══ Task material ══
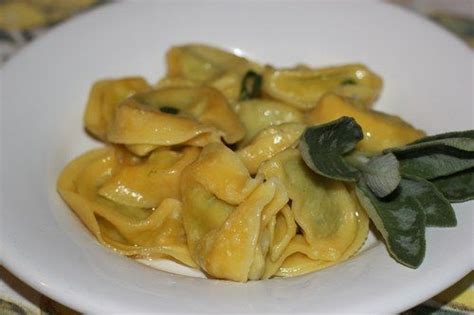 Tortellini Burro E Salvia Ricetta Petitchef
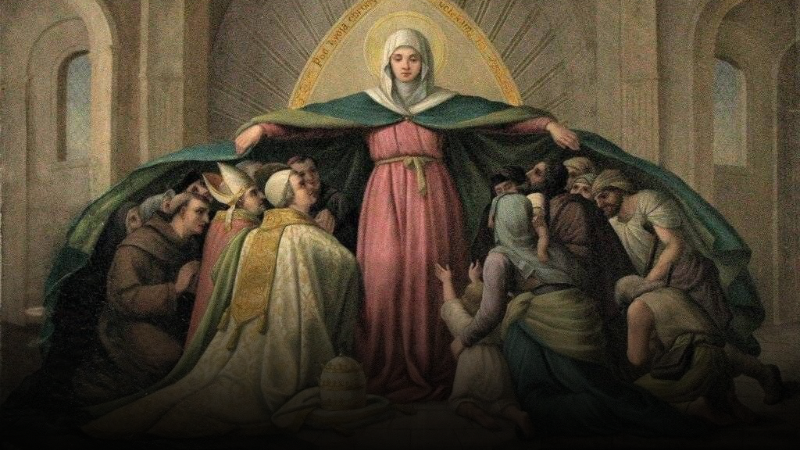 Maria Mãe da Igreja | Evangelho do dia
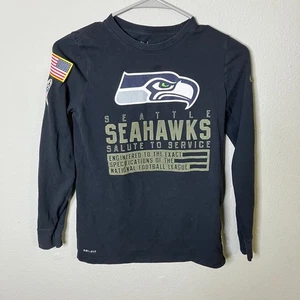 Nike Größe M Seattle Seahawks Salute to Service  - Bild 1 von 6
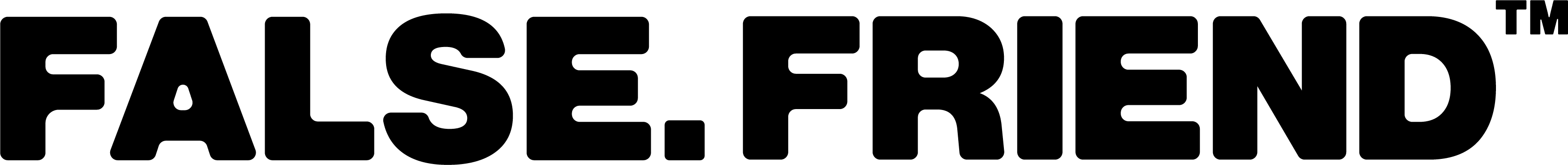 False Friend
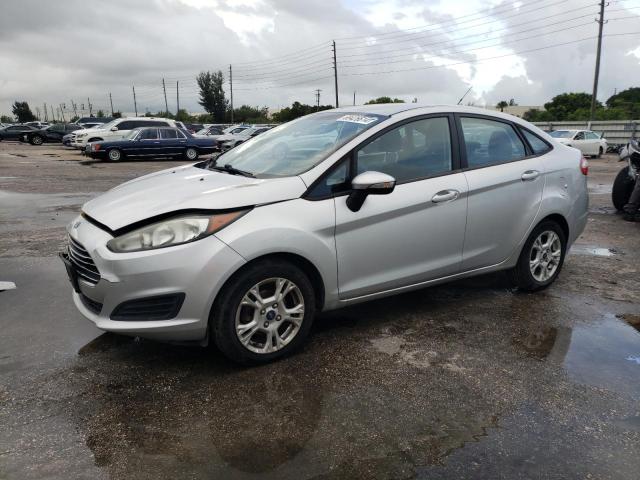 Photo 1 from auction – 2016 FORD FIESTA SE with VIN 3FADP4BJ6GM122322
═══
**Required action**:
Please output all of the entries above exactly, but without any picture.

**Reply to the task**:
 Tortellini Burro E Salvia Ricetta Petitchef
 Maria Mãe da Igreja | Evangelho do dia
 Nike Größe M Seattle Seahawks Salute to Service  - Bild 1 von 6
 False Friend
 Photo 1 from auction – 2016 FORD FIESTA SE with VIN 3FADP4BJ6GM122322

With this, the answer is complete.